▶ Recorded data:

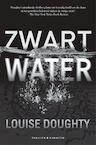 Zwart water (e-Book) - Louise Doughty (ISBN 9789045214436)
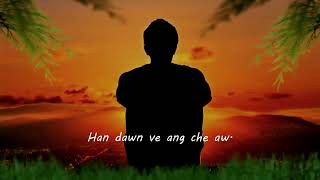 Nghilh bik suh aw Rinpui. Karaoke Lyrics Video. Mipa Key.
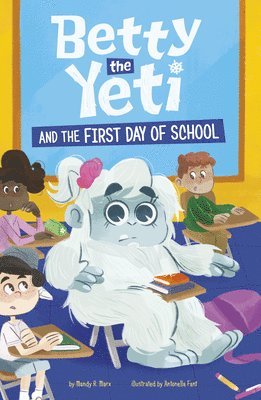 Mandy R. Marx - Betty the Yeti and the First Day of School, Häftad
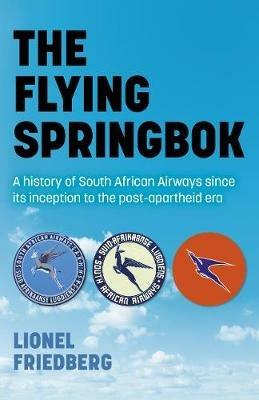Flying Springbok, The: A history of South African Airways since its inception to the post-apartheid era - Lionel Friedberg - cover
--
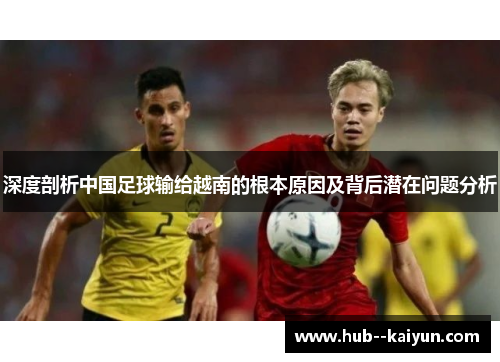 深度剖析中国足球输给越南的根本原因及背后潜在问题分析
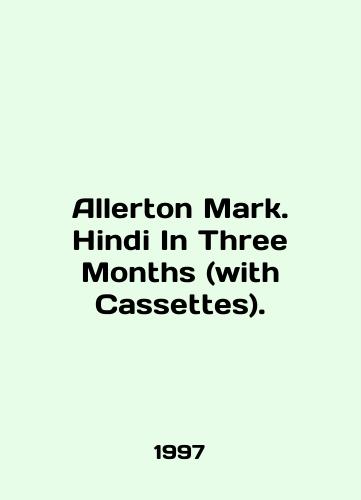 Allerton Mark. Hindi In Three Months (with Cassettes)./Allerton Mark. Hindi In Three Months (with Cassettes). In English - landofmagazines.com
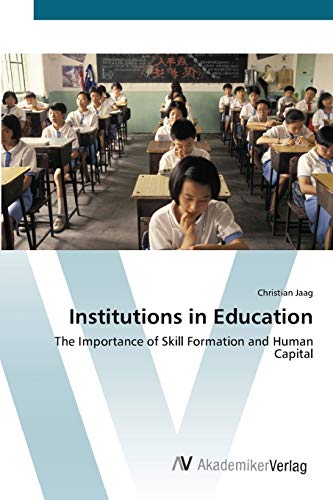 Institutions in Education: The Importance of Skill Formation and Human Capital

▶ Task prompt: While skipping the pictures, transcribe the data above from the line showing "Nghilh bik suh" through the line showing "Flying Springbok, The: A", exactly and with both ends.

▶ Task response:
 Nghilh bik suh aw Rinpui. Karaoke Lyrics Video. Mipa Key.
 Mandy R. Marx - Betty the Yeti and the First Day of School, Häftad
Flying Springbok, The: A history of South African Airways since its inception to the post-apartheid era - Lionel Friedberg - cover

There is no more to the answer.